Exercise objective:
From the entries below, print exactly the span beginning with the line holding "Hand touching graphs" and ending with the line holding "a couch sitting", endpoints included, and skip any pictures.

Dataset excerpts:
******

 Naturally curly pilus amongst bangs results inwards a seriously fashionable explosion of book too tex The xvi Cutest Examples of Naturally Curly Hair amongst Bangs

******

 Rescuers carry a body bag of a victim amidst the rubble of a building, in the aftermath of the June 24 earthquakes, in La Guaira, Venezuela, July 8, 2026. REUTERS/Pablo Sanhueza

******

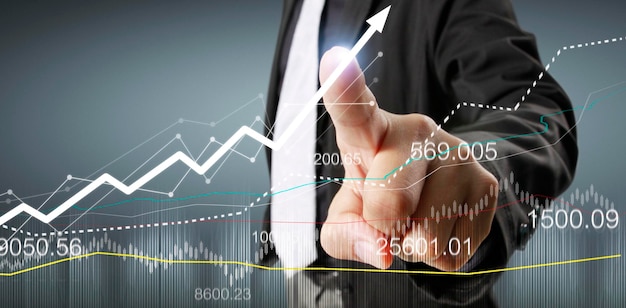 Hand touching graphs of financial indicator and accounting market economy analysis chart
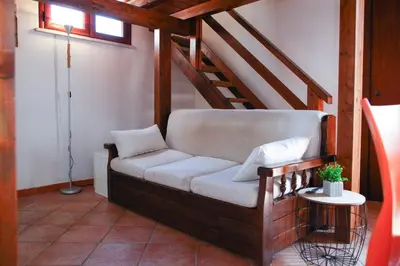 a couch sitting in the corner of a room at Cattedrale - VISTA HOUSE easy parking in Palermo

******

Answer for this exercise:
 Hand touching graphs of financial indicator and accounting market economy analysis chart
 a couch sitting in the corner of a room at Cattedrale - VISTA HOUSE easy parking in Palermo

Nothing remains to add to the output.